Bourached argued instead of using AI for new creative ideas, they are looking backwards. AI's future is more than a tool for creation. It can also be used to preserve the environment.

AI is constantly evolving and artists create art based on machine learning and algorithms. The next step in AI art would be for computers to recognize emotions. AI will be able to recognize emotions in visual culture, which would allow experts to create computers with more emotional intelligence and thus, more human-like machines.

AI can only form opinions as well as data. It is therefore necessary to provide a lot of information to enable a machine understand emotions in art. This is what a group of researchers from Stanford University and Ecole Polytechnique did.

The team created a ArtEmis dataset, which includes machine learning models that aim to understand the relationship between emotion, language and visual content. This set contains over 80,000 images as well as over 400,000 emotional attributes.

Volunteers were asked to describe the emotion they felt about an artwork in one sentence. The algorithm then categorizes artworks into one of eight emotion categories and then explains why the emotion is important.

ArtEmis has shown great promise. In some cases, captions were created to reflect the abstract concept in the artwork. This goes beyond what is possible with a computer.
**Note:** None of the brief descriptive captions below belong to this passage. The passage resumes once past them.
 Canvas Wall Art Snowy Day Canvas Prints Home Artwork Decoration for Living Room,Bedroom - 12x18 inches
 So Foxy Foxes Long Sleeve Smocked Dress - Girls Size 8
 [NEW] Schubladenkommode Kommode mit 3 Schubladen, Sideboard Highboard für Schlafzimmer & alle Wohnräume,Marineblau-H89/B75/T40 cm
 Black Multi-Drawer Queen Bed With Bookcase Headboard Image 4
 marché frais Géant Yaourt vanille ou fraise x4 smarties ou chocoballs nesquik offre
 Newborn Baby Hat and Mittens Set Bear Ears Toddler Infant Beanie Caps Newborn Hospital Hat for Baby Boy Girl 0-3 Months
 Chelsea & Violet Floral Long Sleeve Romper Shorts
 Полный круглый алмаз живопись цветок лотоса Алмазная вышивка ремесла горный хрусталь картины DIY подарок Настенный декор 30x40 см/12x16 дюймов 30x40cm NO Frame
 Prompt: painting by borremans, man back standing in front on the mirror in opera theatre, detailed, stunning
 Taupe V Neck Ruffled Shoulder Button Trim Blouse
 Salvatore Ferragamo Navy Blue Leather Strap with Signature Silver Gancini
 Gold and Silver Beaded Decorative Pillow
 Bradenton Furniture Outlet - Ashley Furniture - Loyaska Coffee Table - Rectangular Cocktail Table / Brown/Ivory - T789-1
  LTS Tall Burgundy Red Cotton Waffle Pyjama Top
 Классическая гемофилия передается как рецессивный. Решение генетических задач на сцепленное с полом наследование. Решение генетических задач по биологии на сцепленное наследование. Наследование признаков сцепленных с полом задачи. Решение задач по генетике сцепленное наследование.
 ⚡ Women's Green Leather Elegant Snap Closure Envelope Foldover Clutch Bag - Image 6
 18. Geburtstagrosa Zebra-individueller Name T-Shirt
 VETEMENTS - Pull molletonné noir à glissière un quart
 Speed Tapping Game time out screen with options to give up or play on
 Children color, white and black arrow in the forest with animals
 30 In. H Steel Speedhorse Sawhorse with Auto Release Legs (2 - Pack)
ArtEmis is a system that the team behind hopes will be used by artists to help them evaluate their work and to ensure that it has the emotional impact they desire.

An article in The Gradient by Fabien Offit argues that artists could shift their focus from AI's aesthetic exploration to its potential for critical analysis. He believes that AI art will be a catalyst for innovation through its ability to critique itself.

AI art, like other forms of innovation will be evaluated in terms of its utility in the real world. The goal is not aesthetic anymore. It will be critical to open up new opportunities or divergent ideas.

The future normalization of AI art will make machine learning a collection of tools that solves many philosophical problems.